At Ultra Music Festival, where he appeared as a surprise guest during John Summit’s closing set to debut their new collaboration “CHICA 305,” Feid did not just feel like another big-name pop-out. He felt like an artist in transition. 

The darker styling, the gold grills, the more shadowy edge of this rollout — all of it points to a version of Feid that feels more introspective and split between identities, even as he remains one of the most visible stars in Latin music.

That duality is now the entire point of his new EP, “FEID VS FERXXO.” In the official release materials, the seven-track project is described as an exploration of “the duality that has defined the artist throughout his career,” balancing “the essence of Ferxxo that first connected with audiences” with Feid’s evolution into one of Latin music’s most influential voices. 

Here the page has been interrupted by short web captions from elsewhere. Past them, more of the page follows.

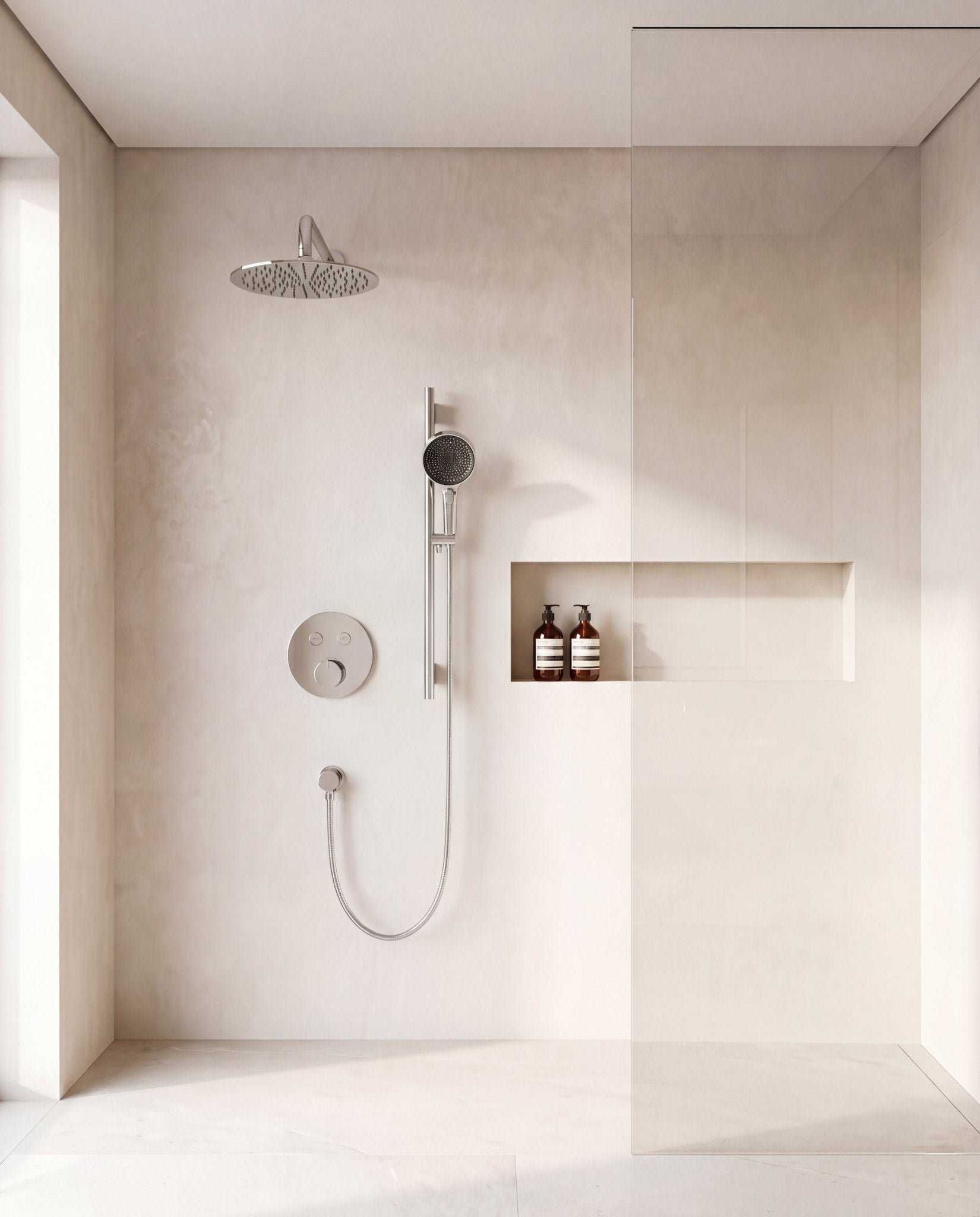 Thermostatic Shower System with Rough - In Valve – 10” Rain Head, Hand Shower, cUPC Certified (Vernet & Neoperl) - ShowerPolished Chrome
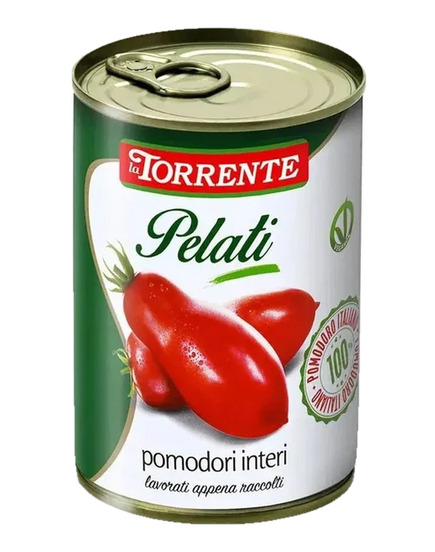 La Torrente Pomodori Pelati Interi 400 g, groen met wit blik met lange tomaten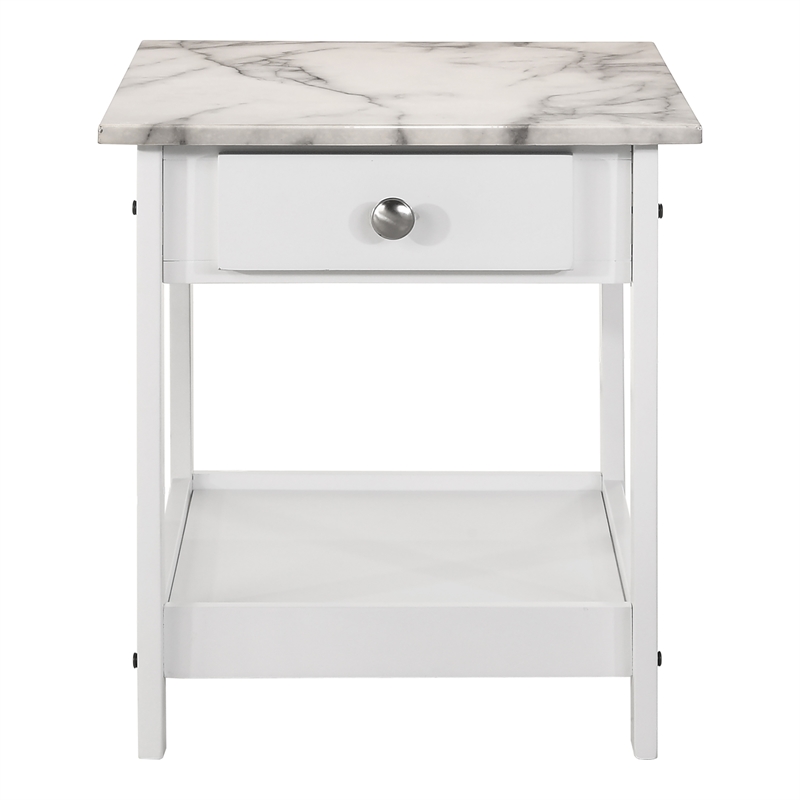 Furniture of America Histe Wood Storage 4-Piece Coffee Table Set in White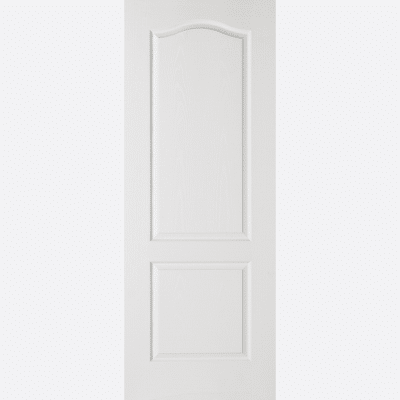 WHITE MOULDED CLASSICAL 2P Crafted from a white composite, this classical door features two raised shaped panels with an attractive curved top edge.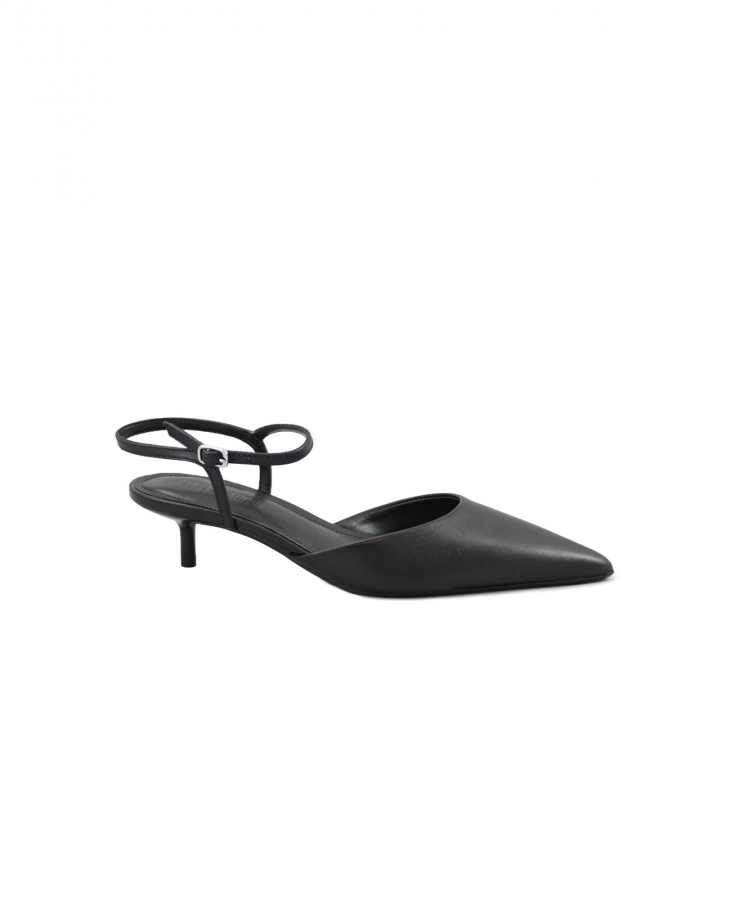 STEVE MADDEN ADELAIDE black leat nero scarpe decolletè donna pelle tacco cinturino punta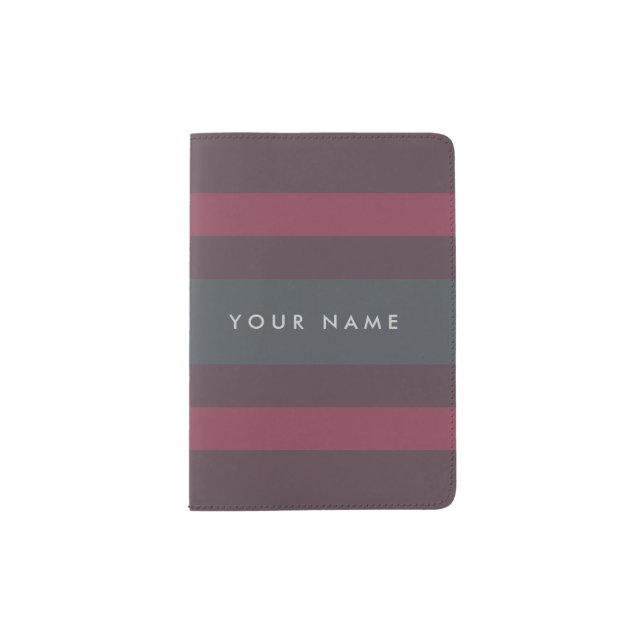 Striped Berry & Petrol Custom Passport Holder (Front)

The press release also frames the project as a “sonic journey” connecting those two identities — his roots, his present and the direction his artistry is moving next.

That framing matters because Feid has always contained both sides. There is Ferxxo, the public-facing character fans have embraced for years — playful, neon-lit, swaggering and emotionally direct. 

Then there is Feid, or really Salomón, the more reflective and personal self underneath it all. What this era seems to be doing is making that split explicit instead of keeping it implied. 

The title alone turns the internal contrast into the main event. And if the cover language in the press release is any indication — “EL GREEN PRINT: La Saga (Disc 1)” — this looks less like a standalone EP than the beginning of a longer conceptual run.

That tension between Feid and Ferxxo also comes through in the EP itself. Across the seven tracks — “Que Vuelta Vox,” “El Hexxo,” “La Mejor Música,” “Medellín Takai,” “Trankaito,” “Boleritoxx” and “Se Lo Juro Mor” — the project feels less like a hard reset than a moodier recalibration. 

It moves between beachy, melodic, romantic and reflective textures while still holding onto the core sensitivity that has always made Feid’s music connect. For me, “Boleritoxx” stands out the most — the kind of song that makes this era feel more intimate, more personal and more interested in emotion than pure scale.

That is where some fan speculation has started to grow. Because the project is being framed as Disc 1 of a larger saga, listeners are already reading the rollout as the beginning of a multi-part story. 

One of the titles circulating most heavily in fan conversations is “BABYSITA MOR,” which some suspect could mark a later installment  and possibly even the long-rumored collaborative project with Álvaro Díaz. 

What is confirmed is that Feid is intentionally scaling the live experience down. After years of arenas and stadiums, his newly announced “FEID vs FERXXO: Falxo Tour” is built around smaller theaters and club-size rooms such as The Fillmore Miami Beach, Buckhead Theatre, House of Blues Boston and Brooklyn Paramount. 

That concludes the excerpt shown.